Exercise requirements: Your copy should match the listing below exactly, except that it holds no images.

Collected material:

____

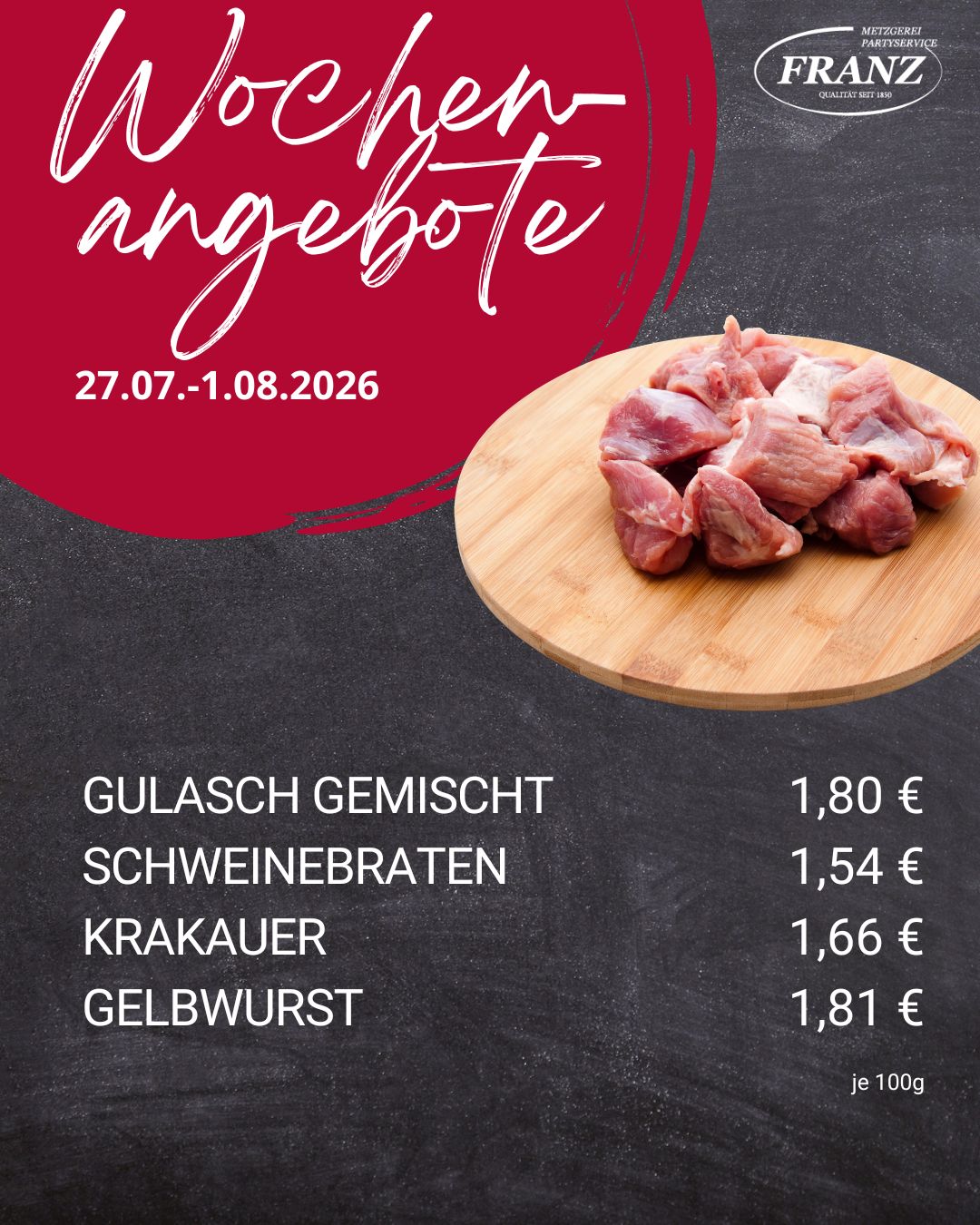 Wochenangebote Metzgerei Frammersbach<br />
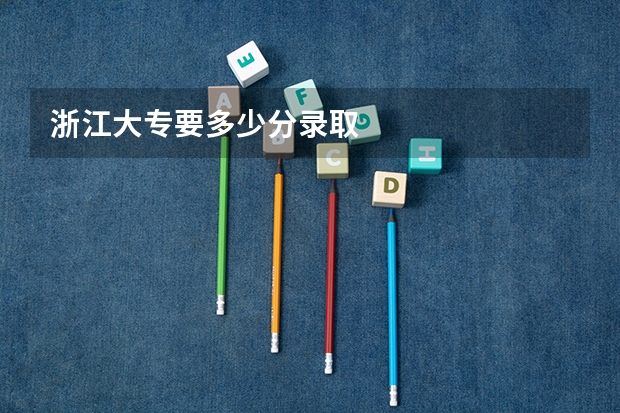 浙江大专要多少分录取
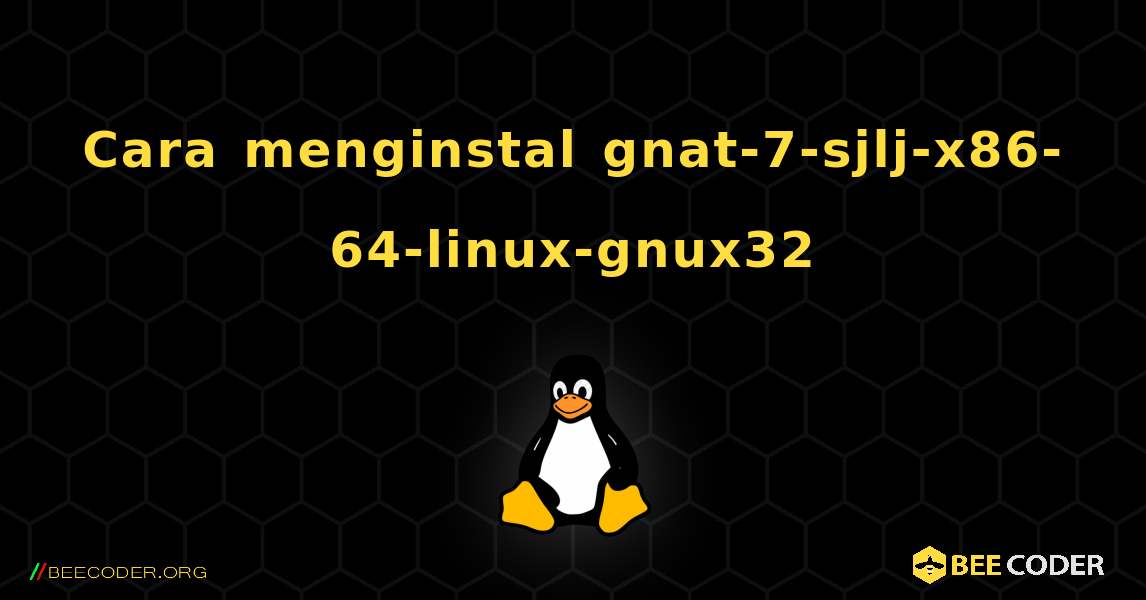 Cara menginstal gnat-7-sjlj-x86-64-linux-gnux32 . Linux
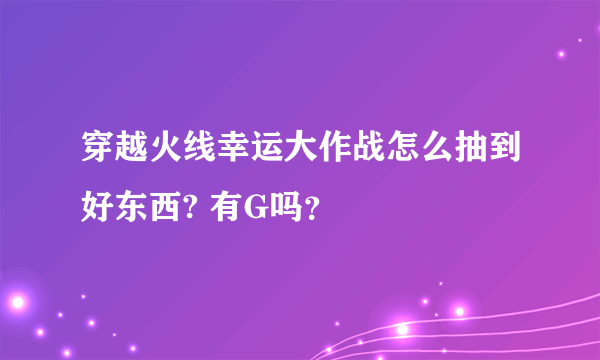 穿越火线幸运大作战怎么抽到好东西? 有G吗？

____

Result for this exercise:
 Wochenangebote Metzgerei Frammersbach<br />
 浙江大专要多少分录取
 Cara menginstal gnat-7-sjlj-x86-64-linux-gnux32 . Linux
 穿越火线幸运大作战怎么抽到好东西? 有G吗？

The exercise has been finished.